Celebrating and Commemorating

Why do we sit down to eat when the Jews had to run?

Is it ethical or slightly ironic to have a lamb shank to celebrate freedom?

Why are plagues simply represented by drops of wine?

Why are there tears if we are celebrating?

Out of the mouths of babes, as the saying goes, or in this instance from the students in the first year of their bnei mitzvah learning, we learn wisdom. Is the seder a commemoration or a celebration, especially this year? 

In the week marking a year since lockdown we have been reflecting and remembering those who died, what has been lost, but also what we have gained. Some gains have been appreciated and wonderful, but others are bitter gains like women’s continued and rising inequality and lack of safety both at home and on the streets. Or the sharing of stories in book clubs and work meetings of the varying degrees of abuse that all women and girls have experienced. The sad truth is that every girl and woman I know has a story to tell. 
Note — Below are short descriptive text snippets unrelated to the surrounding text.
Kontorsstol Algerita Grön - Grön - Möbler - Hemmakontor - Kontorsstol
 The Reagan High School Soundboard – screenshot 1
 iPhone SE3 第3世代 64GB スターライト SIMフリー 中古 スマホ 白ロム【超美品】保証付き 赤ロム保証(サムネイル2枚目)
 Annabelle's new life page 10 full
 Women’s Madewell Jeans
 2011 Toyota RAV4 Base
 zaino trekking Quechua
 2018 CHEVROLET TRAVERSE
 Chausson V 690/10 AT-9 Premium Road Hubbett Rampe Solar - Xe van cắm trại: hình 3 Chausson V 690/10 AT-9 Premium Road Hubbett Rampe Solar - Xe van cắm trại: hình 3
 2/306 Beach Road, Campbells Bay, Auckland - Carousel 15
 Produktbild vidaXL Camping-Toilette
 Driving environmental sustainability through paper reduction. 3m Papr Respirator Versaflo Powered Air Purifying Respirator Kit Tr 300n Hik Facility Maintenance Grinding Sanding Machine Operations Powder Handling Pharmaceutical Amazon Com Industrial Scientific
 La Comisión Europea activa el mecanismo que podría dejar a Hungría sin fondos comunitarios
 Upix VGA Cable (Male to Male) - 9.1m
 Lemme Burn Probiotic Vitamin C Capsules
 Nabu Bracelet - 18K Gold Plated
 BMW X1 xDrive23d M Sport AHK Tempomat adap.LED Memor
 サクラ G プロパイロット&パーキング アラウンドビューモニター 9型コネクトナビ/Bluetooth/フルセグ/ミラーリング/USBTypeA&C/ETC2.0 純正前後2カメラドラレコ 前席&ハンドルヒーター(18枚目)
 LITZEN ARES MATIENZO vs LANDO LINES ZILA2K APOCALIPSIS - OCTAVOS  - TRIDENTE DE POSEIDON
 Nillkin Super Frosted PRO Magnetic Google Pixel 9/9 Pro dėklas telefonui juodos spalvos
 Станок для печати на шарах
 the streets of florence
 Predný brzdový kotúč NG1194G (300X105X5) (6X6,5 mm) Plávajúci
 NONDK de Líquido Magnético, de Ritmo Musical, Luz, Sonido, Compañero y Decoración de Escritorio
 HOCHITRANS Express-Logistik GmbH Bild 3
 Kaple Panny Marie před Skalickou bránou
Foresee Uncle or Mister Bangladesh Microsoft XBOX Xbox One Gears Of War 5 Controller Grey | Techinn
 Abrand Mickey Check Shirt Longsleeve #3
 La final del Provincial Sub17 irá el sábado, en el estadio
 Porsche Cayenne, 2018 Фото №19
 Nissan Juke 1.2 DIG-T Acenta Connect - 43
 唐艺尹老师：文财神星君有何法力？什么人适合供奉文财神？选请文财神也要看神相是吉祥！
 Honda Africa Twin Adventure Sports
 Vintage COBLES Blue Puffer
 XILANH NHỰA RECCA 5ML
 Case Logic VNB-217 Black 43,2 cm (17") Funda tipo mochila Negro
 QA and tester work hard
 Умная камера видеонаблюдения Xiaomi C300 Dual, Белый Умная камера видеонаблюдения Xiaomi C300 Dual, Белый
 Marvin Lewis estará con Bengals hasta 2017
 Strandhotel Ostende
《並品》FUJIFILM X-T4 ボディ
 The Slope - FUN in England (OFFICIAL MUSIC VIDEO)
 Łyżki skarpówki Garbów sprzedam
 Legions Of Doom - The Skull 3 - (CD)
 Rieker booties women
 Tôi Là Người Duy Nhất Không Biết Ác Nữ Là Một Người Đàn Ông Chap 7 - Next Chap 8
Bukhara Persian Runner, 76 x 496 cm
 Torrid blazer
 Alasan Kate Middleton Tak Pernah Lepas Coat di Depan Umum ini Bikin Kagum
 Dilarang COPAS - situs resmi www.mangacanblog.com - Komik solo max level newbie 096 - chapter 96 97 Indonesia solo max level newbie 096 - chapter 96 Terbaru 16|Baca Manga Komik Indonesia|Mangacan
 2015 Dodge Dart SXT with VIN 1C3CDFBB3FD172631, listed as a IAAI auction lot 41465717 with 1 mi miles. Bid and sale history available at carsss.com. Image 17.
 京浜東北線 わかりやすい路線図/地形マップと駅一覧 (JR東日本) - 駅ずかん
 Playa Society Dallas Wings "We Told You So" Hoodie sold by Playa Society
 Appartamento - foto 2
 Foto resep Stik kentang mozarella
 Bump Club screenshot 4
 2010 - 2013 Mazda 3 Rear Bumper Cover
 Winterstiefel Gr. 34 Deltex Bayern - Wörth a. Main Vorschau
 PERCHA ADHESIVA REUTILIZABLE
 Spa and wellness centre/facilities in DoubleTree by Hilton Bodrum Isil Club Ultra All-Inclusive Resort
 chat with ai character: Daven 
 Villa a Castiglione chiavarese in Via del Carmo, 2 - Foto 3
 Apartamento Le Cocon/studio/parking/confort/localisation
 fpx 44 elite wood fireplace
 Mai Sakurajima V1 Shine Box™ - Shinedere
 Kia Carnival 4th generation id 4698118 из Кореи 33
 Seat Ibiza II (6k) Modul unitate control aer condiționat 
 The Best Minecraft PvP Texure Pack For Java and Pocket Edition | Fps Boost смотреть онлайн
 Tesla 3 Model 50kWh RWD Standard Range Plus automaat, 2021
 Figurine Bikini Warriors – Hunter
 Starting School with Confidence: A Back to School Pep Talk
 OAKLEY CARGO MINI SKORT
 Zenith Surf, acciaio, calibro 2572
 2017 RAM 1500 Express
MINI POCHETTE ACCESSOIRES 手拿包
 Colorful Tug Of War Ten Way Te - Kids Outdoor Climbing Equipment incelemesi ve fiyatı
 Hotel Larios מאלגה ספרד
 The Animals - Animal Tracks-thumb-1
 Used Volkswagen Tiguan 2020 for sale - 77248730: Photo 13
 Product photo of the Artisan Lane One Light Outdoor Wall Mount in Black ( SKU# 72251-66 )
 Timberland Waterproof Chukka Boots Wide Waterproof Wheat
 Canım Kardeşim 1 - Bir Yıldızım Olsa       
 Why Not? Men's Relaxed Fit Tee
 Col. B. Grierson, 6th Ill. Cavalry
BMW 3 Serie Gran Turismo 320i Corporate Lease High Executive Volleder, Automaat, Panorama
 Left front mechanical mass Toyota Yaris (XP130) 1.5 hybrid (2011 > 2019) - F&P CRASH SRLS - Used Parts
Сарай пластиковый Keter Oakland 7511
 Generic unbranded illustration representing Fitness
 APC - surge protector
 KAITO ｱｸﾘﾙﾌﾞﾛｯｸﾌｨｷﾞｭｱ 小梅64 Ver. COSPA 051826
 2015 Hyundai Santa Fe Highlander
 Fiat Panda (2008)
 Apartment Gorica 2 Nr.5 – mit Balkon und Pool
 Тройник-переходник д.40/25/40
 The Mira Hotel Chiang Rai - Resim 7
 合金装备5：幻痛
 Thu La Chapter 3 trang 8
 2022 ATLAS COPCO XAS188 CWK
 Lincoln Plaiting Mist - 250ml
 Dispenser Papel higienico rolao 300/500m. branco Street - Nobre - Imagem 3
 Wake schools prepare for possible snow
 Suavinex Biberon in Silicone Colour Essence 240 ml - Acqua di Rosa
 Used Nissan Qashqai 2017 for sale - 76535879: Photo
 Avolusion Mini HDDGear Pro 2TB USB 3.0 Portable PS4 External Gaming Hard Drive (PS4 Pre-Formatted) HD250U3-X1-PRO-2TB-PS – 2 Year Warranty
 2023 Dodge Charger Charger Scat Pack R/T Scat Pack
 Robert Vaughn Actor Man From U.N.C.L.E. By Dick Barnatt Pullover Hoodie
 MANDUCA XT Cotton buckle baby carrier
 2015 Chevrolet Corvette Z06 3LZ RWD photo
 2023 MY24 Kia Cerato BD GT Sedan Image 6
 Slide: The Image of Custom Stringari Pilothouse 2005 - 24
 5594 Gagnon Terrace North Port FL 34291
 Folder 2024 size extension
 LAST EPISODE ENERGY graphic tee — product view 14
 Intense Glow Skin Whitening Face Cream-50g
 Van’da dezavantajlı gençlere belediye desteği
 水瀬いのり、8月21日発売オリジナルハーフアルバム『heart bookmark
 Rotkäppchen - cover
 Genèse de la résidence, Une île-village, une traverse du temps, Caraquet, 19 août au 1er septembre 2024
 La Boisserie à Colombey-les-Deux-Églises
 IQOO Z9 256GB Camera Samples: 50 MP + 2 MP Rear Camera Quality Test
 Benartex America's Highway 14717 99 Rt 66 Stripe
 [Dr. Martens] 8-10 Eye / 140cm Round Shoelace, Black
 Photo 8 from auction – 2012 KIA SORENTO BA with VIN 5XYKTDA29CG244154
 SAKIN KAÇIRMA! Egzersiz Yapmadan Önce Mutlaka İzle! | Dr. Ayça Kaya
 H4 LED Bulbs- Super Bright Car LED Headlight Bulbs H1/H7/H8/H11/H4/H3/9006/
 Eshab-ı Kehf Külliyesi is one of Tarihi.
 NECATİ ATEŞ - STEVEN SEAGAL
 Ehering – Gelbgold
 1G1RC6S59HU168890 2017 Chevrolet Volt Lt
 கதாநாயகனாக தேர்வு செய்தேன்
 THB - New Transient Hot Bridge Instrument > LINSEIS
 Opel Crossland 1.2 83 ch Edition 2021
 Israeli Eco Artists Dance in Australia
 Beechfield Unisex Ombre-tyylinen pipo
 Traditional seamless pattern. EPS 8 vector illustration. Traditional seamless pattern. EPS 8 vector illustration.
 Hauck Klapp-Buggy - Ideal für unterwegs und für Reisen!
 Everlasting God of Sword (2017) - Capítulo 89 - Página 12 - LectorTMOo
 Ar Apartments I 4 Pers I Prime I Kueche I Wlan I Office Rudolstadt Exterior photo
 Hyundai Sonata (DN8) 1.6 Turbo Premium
Some of our younger members have rightly questioned whether we should be focusing on binary gender understandings, as in identifying only a male/female perspective, rather than talk about a spectrum of gender identity. The focus on women in the seder tradition is highlighting one continued struggle, and it does not mean that it overshadows another struggle, and so when we talk about men and women we can see it as an awareness of both those who are in the centre and those who are on the margins, and the need for recognising all.

It feels even more imperative this year to focus on the women in the Exodus narrative, and on those on the margins. Notice in your haggadot, in the text and in the images, how many women there are, if any? And then, use this handout to meet the courageous women who saved Moses, and without whom there would have been no Exodus. Tell the story seen through the eyes of Miriam, the midwives or Moses’ neglected wife Tzipporah. Add daughters or children to the four sons, discuss contemporary plagues, make your own four questions.

And the answers? Hopefully they will emerge from your discussions, but as the seder reminds us - it’s the questions that matter the most, right?